Simply put: because he didn’t, Narratively, need to.
Let me explain.
What’s the Point, really, of Callum being interested in the mirror? We know it’s in character because he’s always in curious about magic. We know it’s in character because he already has a tendency to fixate and attach meaning to objects. And we know it’s doubly sound in-universe given that Callum knows from Rayla’s binding and the Storm Spire archway that elven stuff is hardly ever meaningless or without a deeper meaning underneath.
From a symbolic standpoint, of course it’s meant to show his parallels to Viren, even if his and Viren’s personalities and circumstances are wildly different. However, Callum has even less context for the mirror than Viren did. All he knows is that it’s something Viren has had and is seemingly elvish in design. He doesn’t know it was in the lair of the Dragon monarchy or any hint at all that it’s connected to the archmage mentioned in his father’s letter / that he has a somehow related Key.
One of the main reasons I thought Callum might go after Rayla into Xadia from a storytelling structure was because 1) we need humans in Xadia as an audience surrogate (hi all the kiddos just going into Xadia with Zubeia and Rayla to provide just that) and 2) I always thought they wouldn’t have the time for Callum to have a full fledged arc with mirror Aaravos the same way Viren had and that it could end being too similar to what had come before. (Turns out I was right because the plot didn’t have time lmao! But I digress)
Don’t get me wrong, Aaravos manipulating Callum through the mirror in terms of conversations could have worked (and I’ve written a few here and here pre season release) but that always felt like it might infringe a bit on Callum’s character for two main reasons
1) Besides Rayla being gone, he has virtually everything he ever wanted; helping his brother, a powerful mage, getting to pursue more magical resources etc. Viren only went to Aaravos out of outright desperation because he believed that had “nothing left to lose” and because he had goals he was chasing. Until Aaravos possesses Callum, Callum is a hot mess, sure, but he’s not particularly desperate. There’s no tangible way in - Callum was offered unlimited power back in 2x08 and still turned down being a dark mage. Just something nondescript wouldn’t really work this time either
2) Callum is skeptical as hell and is accordingly slow to trust, and even barring Rayla’s absence, he still had a support system of people who cared about him at the castle, particularly Ezran and Soren (and even Bait) who would keep an eye on him. Callum can be reckless and let his curiosity get the better of him, but he still listens to his instincts (2x03 with Soren and Claudia) and the people around him.
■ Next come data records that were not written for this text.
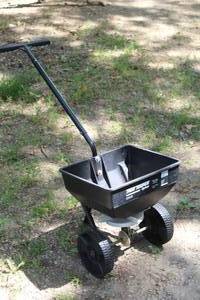 lot 57 image: Cyclone CB1000 True Temper Poly Hopper Broadcast Spreader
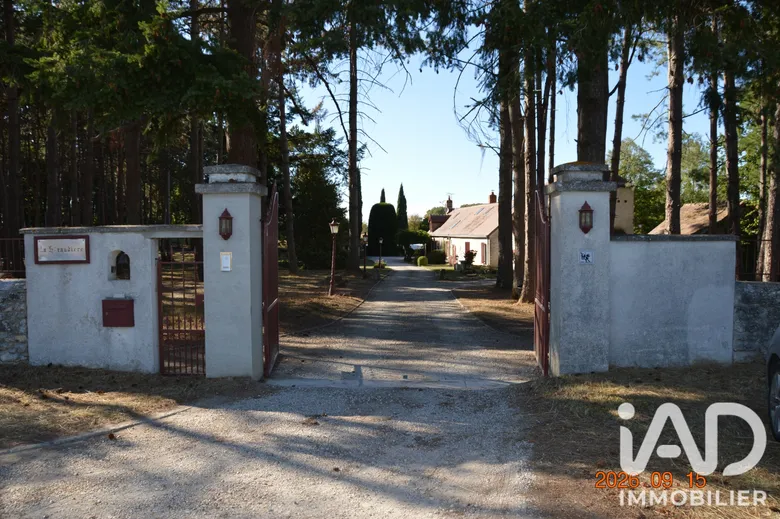 Maison 11 pièces 309 m² · à Saint-Georges-sur-Cher · 309 m² · 570 000 €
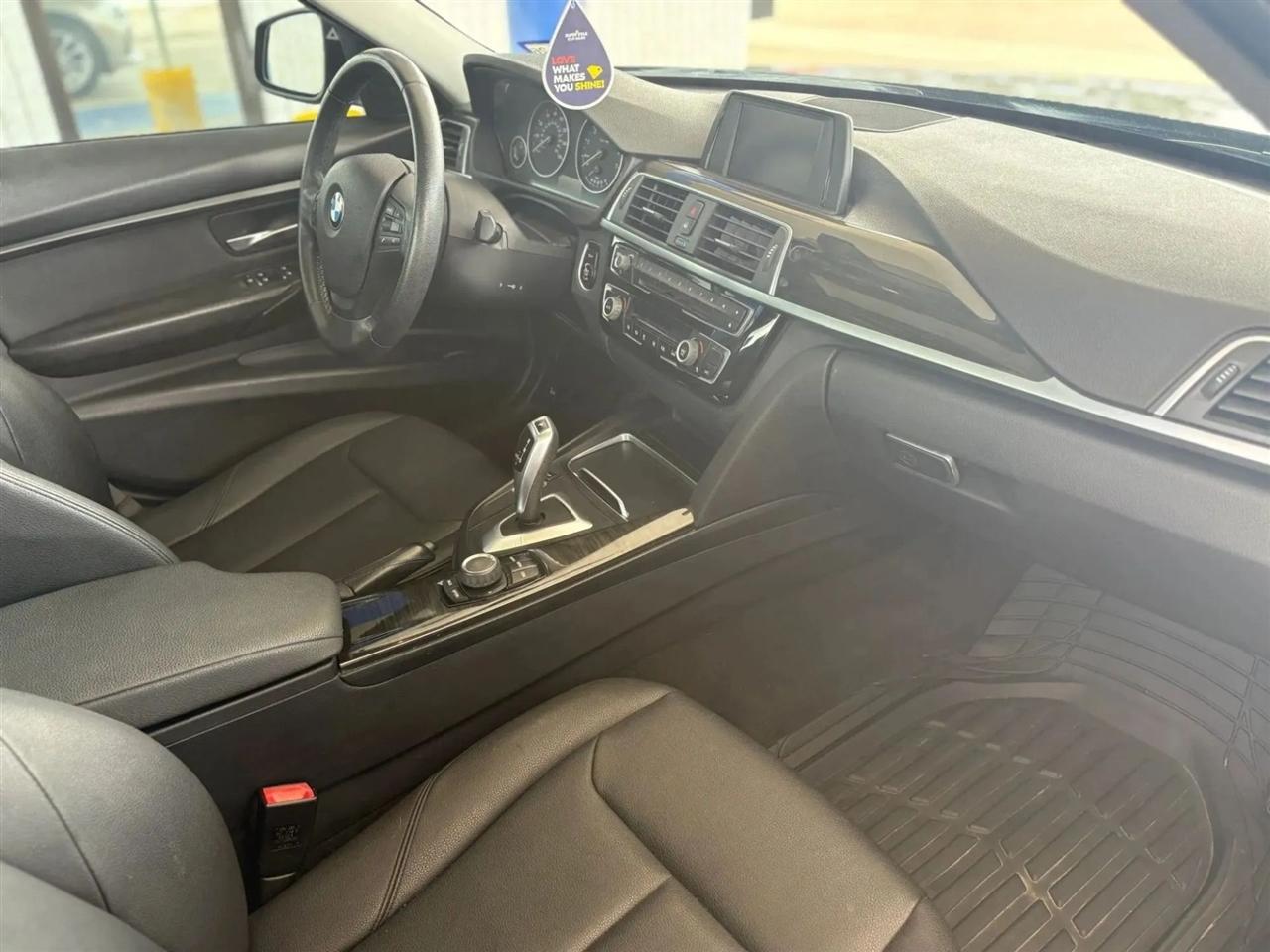 BMW 3-Series  2018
The main information Callum could’ve gotten from Aaravos, if the Startouch elf had been 1) willing and 2) truthful would’ve been details of his backstory - well before his imprisonment, as everything else (the fact that he is imprisoned, the lack of knowledge about where he is, who put him there, etc.) are all things we really knew. So it’d require more of a switch from Aaravos than Callum in a lot of ways too - elongating and stretching things out, and not necessarily giving Callum a segue into an arc where he’s actually able to start processing his feelings. And again, no desperation as a way in
But with all that out of the way, why have Callum be more obsessed with the mirror beyond the initial scene in 4x01? Why not have him investigating the cube because it’s also related to Aaravos and could communicate the same purpose? Why have it be the arguable C-plot of 4x02 at all if he’s just going to be interrupted?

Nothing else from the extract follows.